Process is Supposed to Help Teams
In one of the comments, for When is a Scrum Master (or a PM) Not?, Craig Brown said
Process, process, process.
What about people? At the end of the day the process is just one of several enabers (alongside culture, technology and tools, etc.)
Won’t an experienced and talented team just deliver regardless of the process? ANd doesn’t that indicate that the process is relatively unimportant?
Well, yes, if you have “experienced and talented” people, they will manage to deliver just about regardless of the process. My experiences over the last couple of months lead me to believe these folks don’t have the experience. They may well have the talent, but not the experience, or the self esteem to do what they know they need to do.
One of the reasons the XP folks are so adamant about their practices is because the practices create a system (a process, if you will) that helps people accomplish the work. We Tried Baseball and It Didn’t Work is a humorous take on what happens if you say you’re playing baseball, but don’t follow the process. Same thing with XP, Scrum, or cleanroom or anything else you choose to do. If you don’t follow the process, it doesn’t help. You can call it anything you want, but calling it Scrum (or something else) doesn’t make it so.
So what do you do with an inexperienced team? (Let’s assume they are talented.) I still think someone needs to help with the process, so the team gains experience and succeeds. Without the willingness of someone to stand up and say, “No, that’s not the way this is supposed to work. And, here’s why…” the team cannot be successful.
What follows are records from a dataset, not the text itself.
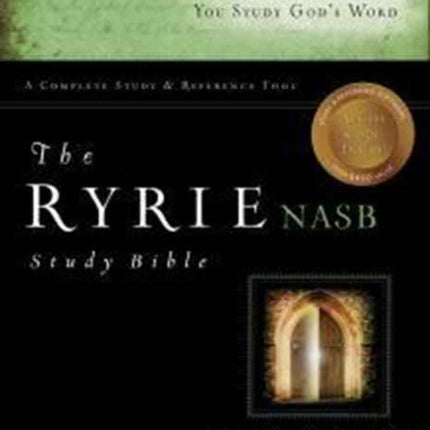 NASB Ryrie Study Bible, Black Genuine Leather, Red Letter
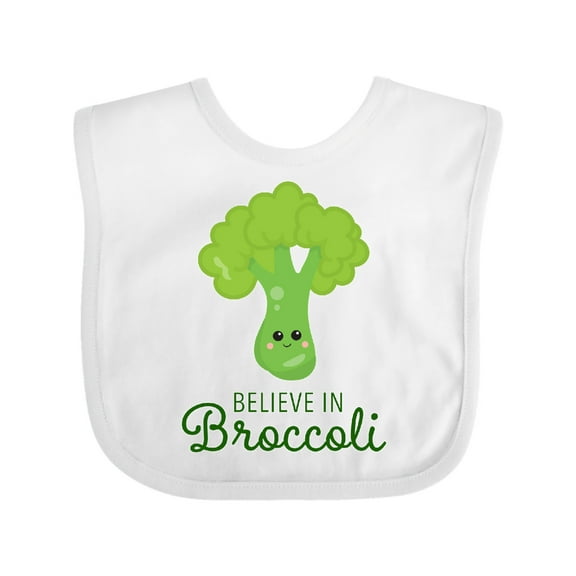 Inktastic Believe in Broccoli Boys or Girls Baby Bib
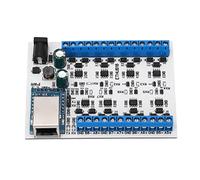 ZLXCAOB Convertitore hub RJ45 a 8 Scheda hub TVS con protezione da sovratensione 115200BPS per monitoraggio della sicurezza DC7-30V (Modulo hub)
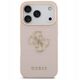 Etui Guess Grained Big 4G & Classic Logo do iPhone 17 Pro różowy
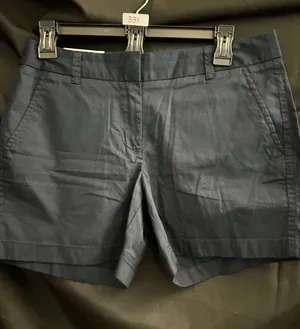 J. Crew Women's Navy Cotton Broken In City Fit Chino Shorts SZ 4 NWT thumbnail 1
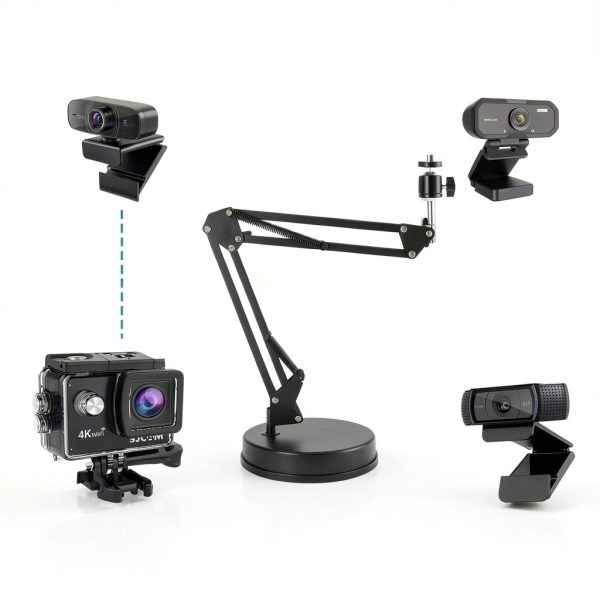 OXENDURE Webcam Mount 360° Turntable Black OX-WCA01-5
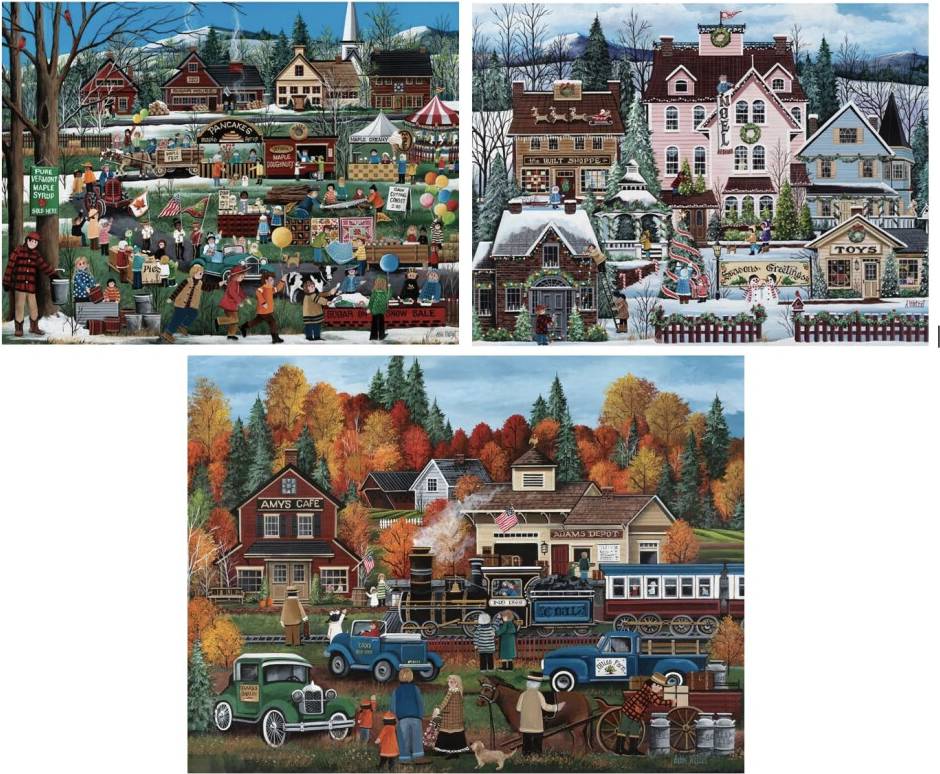 Bits and Pieces Value Set Three Jigsaw Puzzles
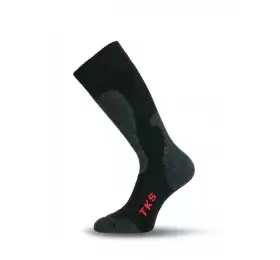 Носки Lasting TKS 834, polypropylene+nylon, темно-зеленый с серой вставкой, размер L , TKS834L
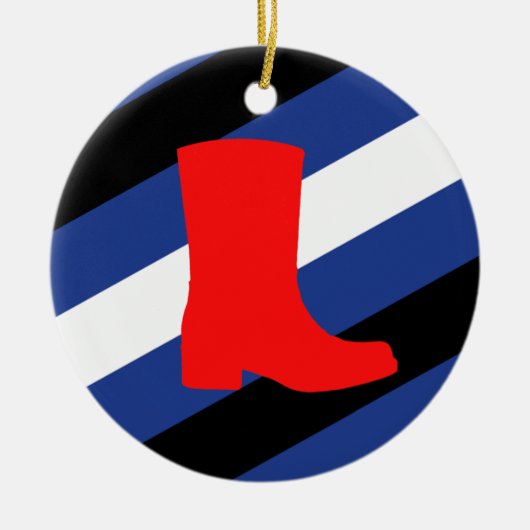 Flag für den Boot-Pride Keramik Ornament (Vorne)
I’ve met process police, and no, I don’t want to work with them. But a little process does go a long way when organizing or managing a project. If I want to use timeboxes because otherwise people fall prey to Student Syndrome, I should have that option. It’s quite reasonable to want an iteration backlog before an iteration starts, so the team can estimate it and commit to it. It’s not reasonable for a person who’s not developing or estimating to lengthen the timeboxes and reject retrospectives because he doesn’t think it will help the team. The people who reject the agreed-upon process are not helping the team, even though they think they are.
Leaders, no matter what they are called, are the people who guide the team through it’s designated process. They are especially necessary when the team is inexperienced, whether that’s general inexperience or inexperience with a particular project organization.